There are a few pitfalls that each and every business needs to avoid in order to give themselves the best chance at success. Keep reading to learn about the top 5 mistakes to avoid when taking your business international:
1. Cutting costs when it comes to talent
Labor costs are obviously a big deal. Talent is one, if not the biggest cost of doing business. Cheap labor costs are also why many businesses outsource their manufacturing and customer service to less developed countries.
Seeking out the youngest, most inexperienced and/or cheapest talent is the biggest mistake you can make when expanding into new international territories. This applies to all areas of all operations, including local staff hired in said territories. Hire people who know what they’re doing instead and watch your international operations thrive.
2. Not hiring a local manager and/or management team
Make sure you recruit and hire top managers wherever you plan to set up shop. These people will have their ear to the streets and know what locals want. Use their feedback and allow them to prove their cost-effectiveness by helping you to increase profits and satisfy the needs of the local customers your company seeks to serve.
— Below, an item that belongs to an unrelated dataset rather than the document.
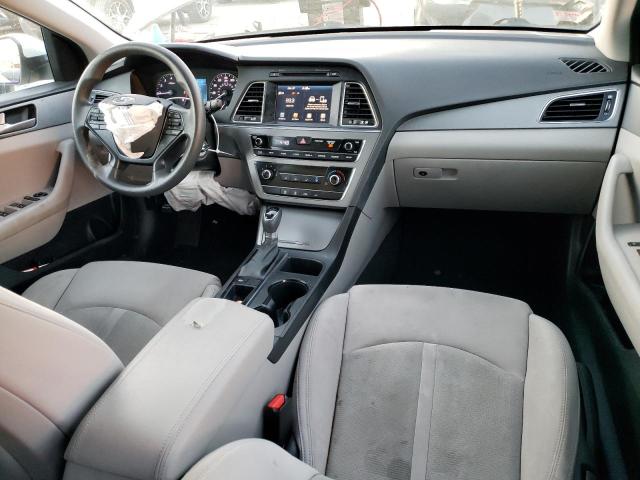 Photo 8 from auction – 2017 HYUNDAI SONATA SE with VIN 5NPE24AF8HH481804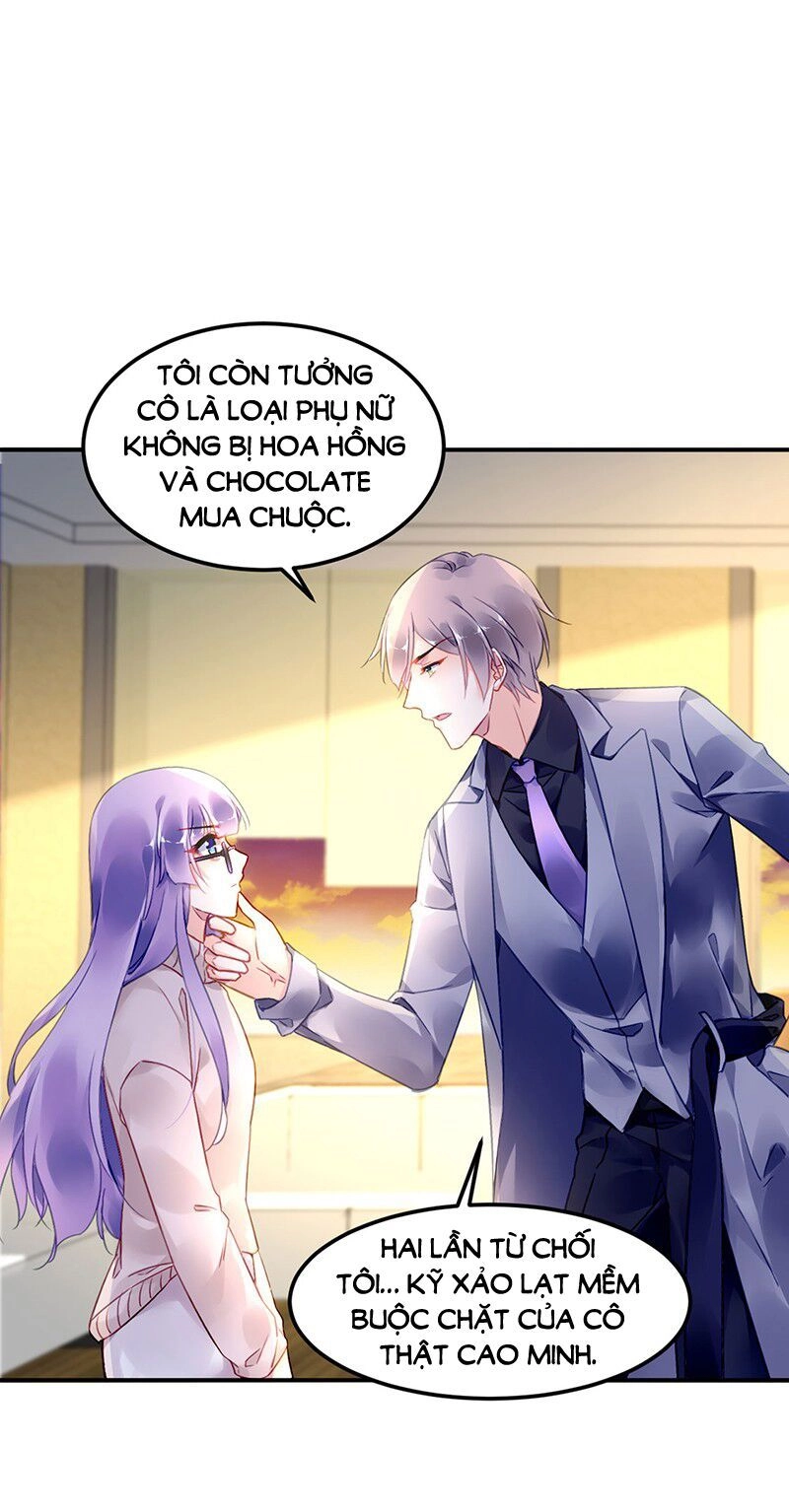 Đối Kháng Hoa Tâm Chủ Thượng Chapter 108 - 3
You simply cannot micromanage business operations from across the world as effectively as carefully vetted local managers can. Give them the power to make your business successful and you’ll avoid this second most common pitfall businesses seeking international reach run into more often than not.
With that said, make sure to establish clear expectations as to when they’re obliged to consult you or your team abroad for input on decisions. Keep bureaucracy and “red tape” paperwork to a minimum if possible. They’re there to make you money, not cost you money filling out needless request forms and reports.
3. Being a faceless entity across the sea
Just as you shouldn’t micromanage every aspect of your overseas business operations; you also don’t want to be a name that your international employees can’t put a face to. Or worse, some nasty curmudgeon who only shows up to stir up conflict and kick butt when things go awry.
At least try to visit in person for the company Christmas party (or whatever holiday celebrations are appropriate in the area). And when you do show up try to listen, learn and politely advise rather than criticize. You do have to keep good terms with those whom you need to trust from afar with your business after all!
With modern conferencing technologies, there’s simply no excuse to not have weekly scheduled conference calls with overseas management and other important members such as the local marketing team. As with the visiting in person scenario; listen, learn and politely advise rather than criticize whenever possible.
4. Shifting to international on a whim and prayer
This mistake could easily make number one on this list. And there are a number of really bad reasons to start dumping resources into international growth when your business isn’t ready – or worse, on the verge of collapse!
If business isn’t going well in your established local market, there are very few situations where it would be prudent to expand abroad. You have to figure out what’s going wrong at home before you start trying to establish that same business elsewhere.
Then there’s the allure of an “emerging market”. Everyone’s telling you Asia’s hot and ready to explode on a new fashion trend or electronic gadget you can offer. What if it doesn’t and now you’ve opened up expensive local offices in Tokyo, only to go belly up because you’re carrying tons of debt, wall to wall stock, and no customers?
5. Failing to make globalization part of the plan early on
Start planning for expansion the minute you first open the doors to your business. This doesn’t mean jump the gun entirely – you may never end up going international in the end.
However, you do have to start learning the requirements early on, while also refining and documenting all the processes that make you successful in your original market so they can be transported and duplicated more seamlessly when the time comes.